Arif Khan, Patna
I don’t have a life insurance policy, as I don’t have anyone completely dependent on me. However, I’m considering buying one. How do I determine the right coverage amount, and what factors should I consider when choosing a life insurance policy?
One buys life insurance for four reasons: death benefits for your nominees, investment, savings, and tax benefits. The death benefit is the most important. Consider life insurance if you are likely to have dependents, such as parents, a spouse or children. The sum assured should be 10 times your annual income. While selecting term insurance, you should look at the insurer’s premium, death claims settlement rate and solvency margin, a measure of financial strength. If you focus on long-term investment returns or savings, you may consider unit-linked investment plans (Ulips). However, evaluate this alongside other investment options, such as mutual funds, bank deposits, and government savings schemes. The primary criteria for selecting Ulips are historical investment returns, the size of the Ulip fund, and the insurers’ performance on timely maturity payments.
Kapil Mehta, Co-Founder, SecureNow
John Sebastian, Mangaluru
I do not have any major additional income besides my salary, but I earn more than the basic exempted income. However, I have not filed income tax returns for three years. What actions can I take, and what are the potential consequences?
The first step is to choose your income tax return (ITR) form carefully. You seem to be in a profession and also have other income sources. So, ITR-3 seems appropriate for you. You must ensure you file ITR post June 15 but before July 31 so that tax deducted at source (TDS) by your clients reflects in Form 26AS. You must make a summary of the deposits from your bank statement and bifurcate it into six classes: income from profession, interest and other income, capital gains, house property, salary, and personal receipts. Match the first five with your auto-populated return and annual information statement (AIS), which you will find on the income tax portal, claim TDS, pay balance taxes and file your ITR.

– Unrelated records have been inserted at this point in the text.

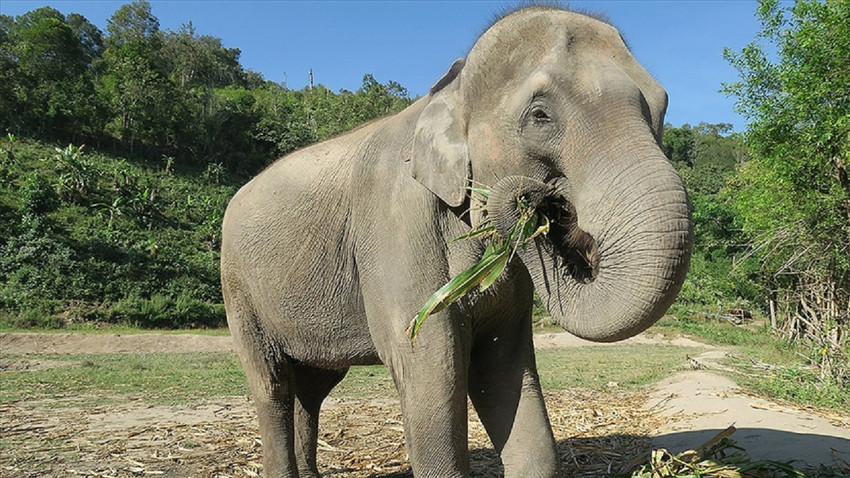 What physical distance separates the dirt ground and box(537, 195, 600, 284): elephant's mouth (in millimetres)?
1990

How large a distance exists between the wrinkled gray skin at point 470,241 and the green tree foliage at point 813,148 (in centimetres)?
588

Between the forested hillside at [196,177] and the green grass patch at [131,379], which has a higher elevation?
the forested hillside at [196,177]

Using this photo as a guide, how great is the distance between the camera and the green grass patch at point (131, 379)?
9094mm

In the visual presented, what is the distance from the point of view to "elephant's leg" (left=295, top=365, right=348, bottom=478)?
164 inches

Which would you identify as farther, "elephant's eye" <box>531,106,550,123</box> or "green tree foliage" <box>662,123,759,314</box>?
"green tree foliage" <box>662,123,759,314</box>

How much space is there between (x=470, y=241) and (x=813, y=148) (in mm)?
7283

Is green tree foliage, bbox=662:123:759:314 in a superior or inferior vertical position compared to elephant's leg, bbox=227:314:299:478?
superior

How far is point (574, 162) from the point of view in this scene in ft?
6.26

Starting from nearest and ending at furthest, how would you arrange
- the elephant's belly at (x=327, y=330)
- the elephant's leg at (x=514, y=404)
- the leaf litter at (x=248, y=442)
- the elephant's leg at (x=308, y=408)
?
the elephant's leg at (x=514, y=404) < the elephant's belly at (x=327, y=330) < the elephant's leg at (x=308, y=408) < the leaf litter at (x=248, y=442)

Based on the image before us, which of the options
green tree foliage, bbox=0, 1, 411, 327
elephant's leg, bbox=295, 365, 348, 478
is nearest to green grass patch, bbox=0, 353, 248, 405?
elephant's leg, bbox=295, 365, 348, 478

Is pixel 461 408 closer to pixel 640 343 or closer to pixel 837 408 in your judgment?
pixel 837 408

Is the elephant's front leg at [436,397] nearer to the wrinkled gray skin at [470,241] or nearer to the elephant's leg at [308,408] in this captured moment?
the wrinkled gray skin at [470,241]

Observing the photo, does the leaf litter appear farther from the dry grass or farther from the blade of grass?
the blade of grass

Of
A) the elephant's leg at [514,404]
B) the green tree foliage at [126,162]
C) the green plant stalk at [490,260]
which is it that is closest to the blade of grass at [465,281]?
the green plant stalk at [490,260] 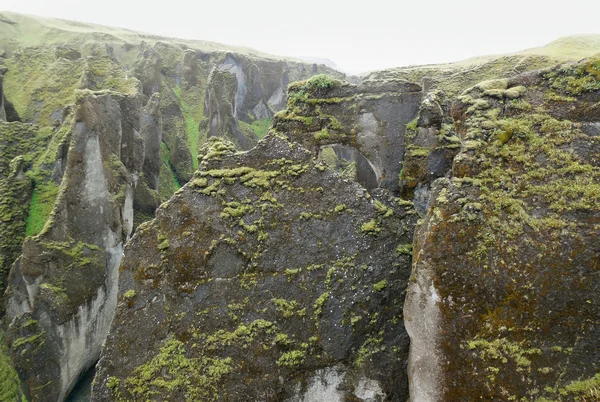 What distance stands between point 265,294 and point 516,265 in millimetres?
5664

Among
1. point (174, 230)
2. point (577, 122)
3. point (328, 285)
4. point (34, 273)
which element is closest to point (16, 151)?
point (34, 273)

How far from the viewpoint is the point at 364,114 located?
1359cm

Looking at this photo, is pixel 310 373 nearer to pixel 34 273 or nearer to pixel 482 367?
pixel 482 367

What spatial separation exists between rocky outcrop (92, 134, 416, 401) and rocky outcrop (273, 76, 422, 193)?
3.54 m

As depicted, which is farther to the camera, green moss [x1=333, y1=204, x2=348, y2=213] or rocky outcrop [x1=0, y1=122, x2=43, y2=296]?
rocky outcrop [x1=0, y1=122, x2=43, y2=296]

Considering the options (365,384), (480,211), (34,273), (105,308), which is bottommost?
(105,308)

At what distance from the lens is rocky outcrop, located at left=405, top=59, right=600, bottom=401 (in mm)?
6992

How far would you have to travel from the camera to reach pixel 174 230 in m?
9.98

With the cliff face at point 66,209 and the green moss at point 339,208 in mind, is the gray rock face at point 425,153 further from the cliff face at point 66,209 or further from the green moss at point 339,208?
the cliff face at point 66,209

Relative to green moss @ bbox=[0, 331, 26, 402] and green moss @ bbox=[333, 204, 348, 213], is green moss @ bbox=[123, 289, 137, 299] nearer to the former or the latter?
green moss @ bbox=[333, 204, 348, 213]

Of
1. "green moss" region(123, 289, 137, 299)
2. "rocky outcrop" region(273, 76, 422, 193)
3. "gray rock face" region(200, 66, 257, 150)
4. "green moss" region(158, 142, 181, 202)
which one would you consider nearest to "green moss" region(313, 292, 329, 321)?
"green moss" region(123, 289, 137, 299)

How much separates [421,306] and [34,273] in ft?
57.6

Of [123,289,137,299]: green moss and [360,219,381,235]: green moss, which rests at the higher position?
[360,219,381,235]: green moss

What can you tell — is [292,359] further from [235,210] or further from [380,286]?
[235,210]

Vivek Jalan, Partner, Tax Connect Advisory
Rinki Singh, Jharkhand
I am an interior designer, and I live with my parents, who are working. I have a college-going younger sister. How do I save for my family and my needs?

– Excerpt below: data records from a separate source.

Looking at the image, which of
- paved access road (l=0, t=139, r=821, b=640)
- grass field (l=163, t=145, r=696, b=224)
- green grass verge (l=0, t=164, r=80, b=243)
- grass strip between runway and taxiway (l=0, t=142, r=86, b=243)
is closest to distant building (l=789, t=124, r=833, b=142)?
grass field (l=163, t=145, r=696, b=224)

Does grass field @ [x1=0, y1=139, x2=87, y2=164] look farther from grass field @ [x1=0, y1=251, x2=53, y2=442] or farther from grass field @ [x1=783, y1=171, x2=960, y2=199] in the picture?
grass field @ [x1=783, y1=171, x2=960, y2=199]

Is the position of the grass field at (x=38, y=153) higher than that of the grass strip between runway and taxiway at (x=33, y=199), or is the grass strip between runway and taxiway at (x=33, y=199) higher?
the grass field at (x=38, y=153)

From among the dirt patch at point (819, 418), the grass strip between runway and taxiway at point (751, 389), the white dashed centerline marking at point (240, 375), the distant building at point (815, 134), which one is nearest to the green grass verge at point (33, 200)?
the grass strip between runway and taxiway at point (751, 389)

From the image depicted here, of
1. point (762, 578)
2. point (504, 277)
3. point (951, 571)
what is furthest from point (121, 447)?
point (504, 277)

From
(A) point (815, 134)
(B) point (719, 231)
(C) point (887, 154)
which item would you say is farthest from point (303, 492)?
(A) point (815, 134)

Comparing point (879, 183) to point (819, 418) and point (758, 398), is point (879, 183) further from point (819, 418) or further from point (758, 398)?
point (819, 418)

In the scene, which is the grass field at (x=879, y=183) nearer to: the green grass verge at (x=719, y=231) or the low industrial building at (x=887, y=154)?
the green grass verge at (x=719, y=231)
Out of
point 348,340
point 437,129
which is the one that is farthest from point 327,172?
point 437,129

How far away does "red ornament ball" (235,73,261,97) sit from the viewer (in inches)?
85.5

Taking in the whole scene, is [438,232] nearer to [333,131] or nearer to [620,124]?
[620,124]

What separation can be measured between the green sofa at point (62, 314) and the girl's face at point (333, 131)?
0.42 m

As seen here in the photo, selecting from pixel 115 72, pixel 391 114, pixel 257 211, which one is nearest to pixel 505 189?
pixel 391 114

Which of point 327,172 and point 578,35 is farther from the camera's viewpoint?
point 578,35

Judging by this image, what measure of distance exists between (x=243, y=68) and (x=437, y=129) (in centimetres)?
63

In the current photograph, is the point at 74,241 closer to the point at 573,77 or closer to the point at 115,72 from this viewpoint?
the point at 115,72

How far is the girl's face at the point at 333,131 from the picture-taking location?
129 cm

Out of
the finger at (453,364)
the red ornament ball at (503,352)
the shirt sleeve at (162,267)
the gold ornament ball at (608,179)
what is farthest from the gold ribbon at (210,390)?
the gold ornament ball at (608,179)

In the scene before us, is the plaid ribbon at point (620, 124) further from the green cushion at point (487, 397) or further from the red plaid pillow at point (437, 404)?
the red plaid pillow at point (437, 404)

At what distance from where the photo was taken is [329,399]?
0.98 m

The best way to invest for the future at a young age is to focus on your life’s financial goals. Lay down what you wish to achieve at what point and how much it will likely cost at that time by factoring in inflation to today’s costs as per the time required to reach that goal. For example, the goals could be higher education for yourself and your sister, marriage, shouldering some family expenses, purchasing a car, preparing for retirement, etc. The thumb rule to translate the above into actual investments is to take higher risks for longer-term goals (over seven years), no or little risk for short-term needs (up to 3 years), and medium risk for in-between goals. Risk will be as defined by you and your comfort level. In general, the vast bouquet of mutual fund schemes should meet all your future requirements if chosen well. Do not forget to build an emergency fund equivalent to 6-12 months of your expenses. Also, take care to invest in tax-efficient avenues.